= Captioned web image data =
Segment Open

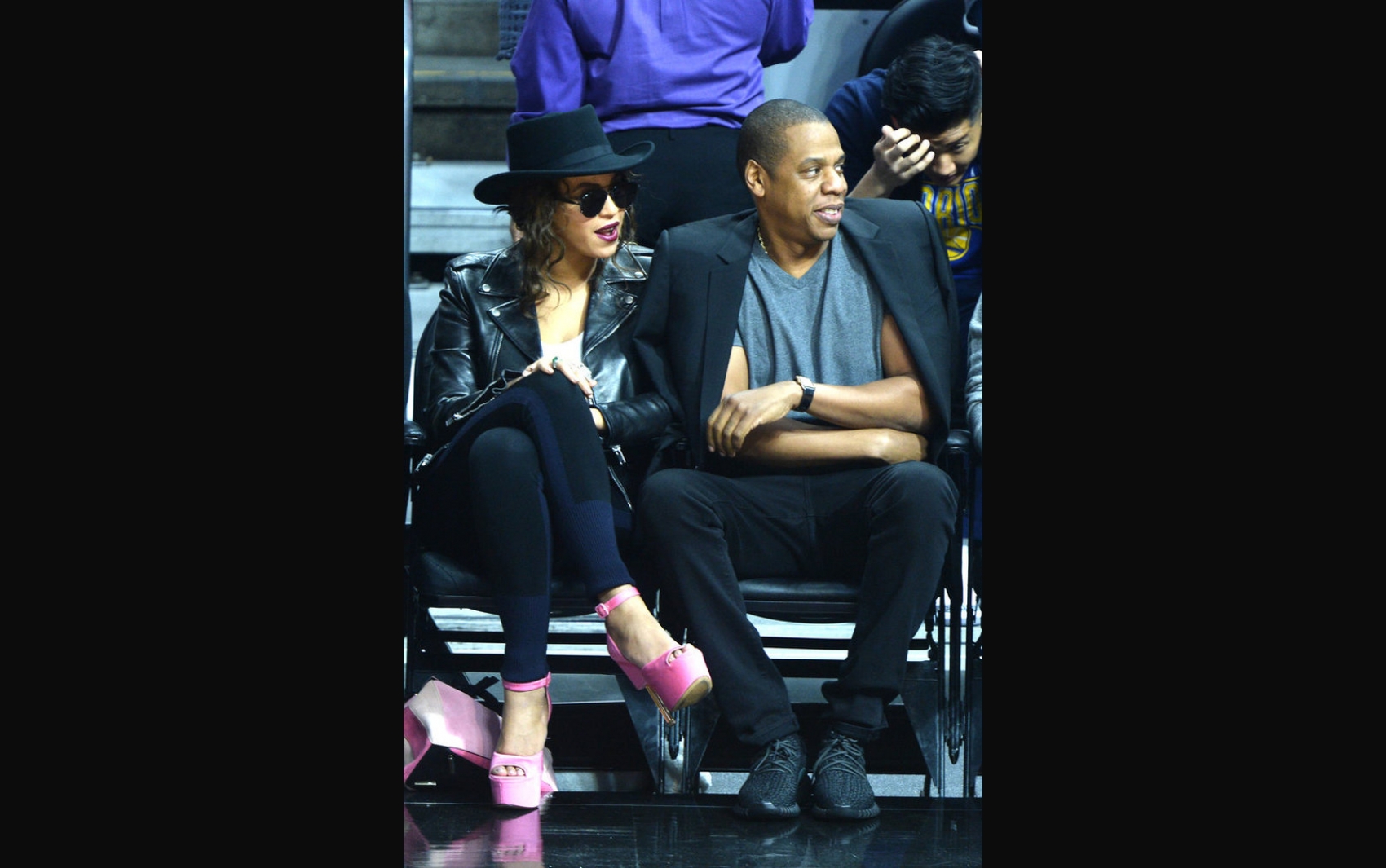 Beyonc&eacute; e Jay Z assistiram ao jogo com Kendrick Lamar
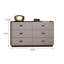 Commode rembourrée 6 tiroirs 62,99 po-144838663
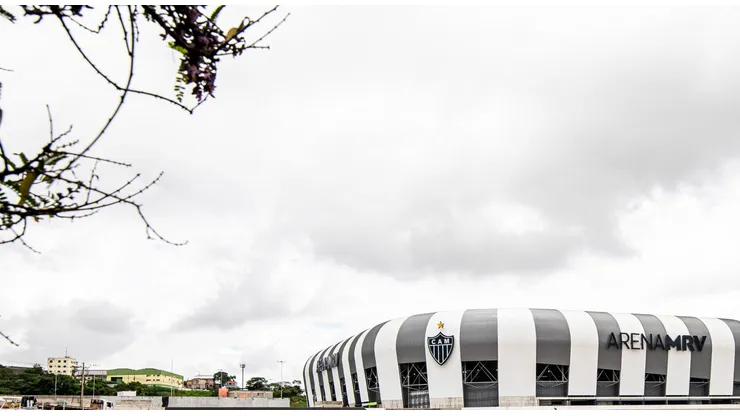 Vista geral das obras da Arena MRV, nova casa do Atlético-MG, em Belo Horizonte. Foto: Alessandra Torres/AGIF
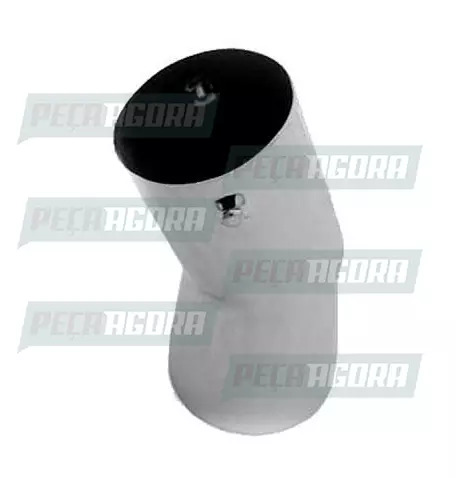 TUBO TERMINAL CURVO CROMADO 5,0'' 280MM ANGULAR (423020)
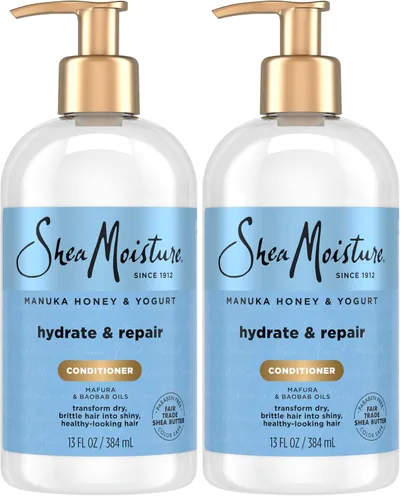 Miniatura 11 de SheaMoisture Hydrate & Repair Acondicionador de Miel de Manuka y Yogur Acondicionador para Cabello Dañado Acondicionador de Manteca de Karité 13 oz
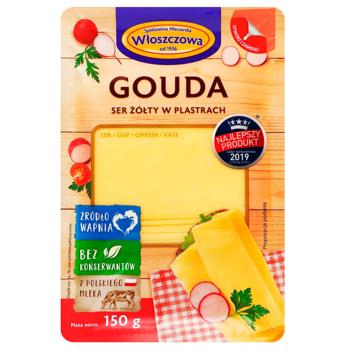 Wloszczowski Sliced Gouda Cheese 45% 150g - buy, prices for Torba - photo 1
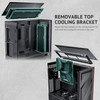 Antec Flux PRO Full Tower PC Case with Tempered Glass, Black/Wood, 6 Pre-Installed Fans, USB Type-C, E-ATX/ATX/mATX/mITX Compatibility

Segment Closed

= Your instructions =
Where the line containing "Wloszczowski Sliced Gouda" appears, begin copying there and continue exactly through the final line of the records; both end lines belong in the copy, pictures do not.

= Answer space =
 Wloszczowski Sliced Gouda Cheese 45% 150g - buy, prices for Torba - photo 1
 Antec Flux PRO Full Tower PC Case with Tempered Glass, Black/Wood, 6 Pre-Installed Fans, USB Type-C, E-ATX/ATX/mATX/mITX Compatibility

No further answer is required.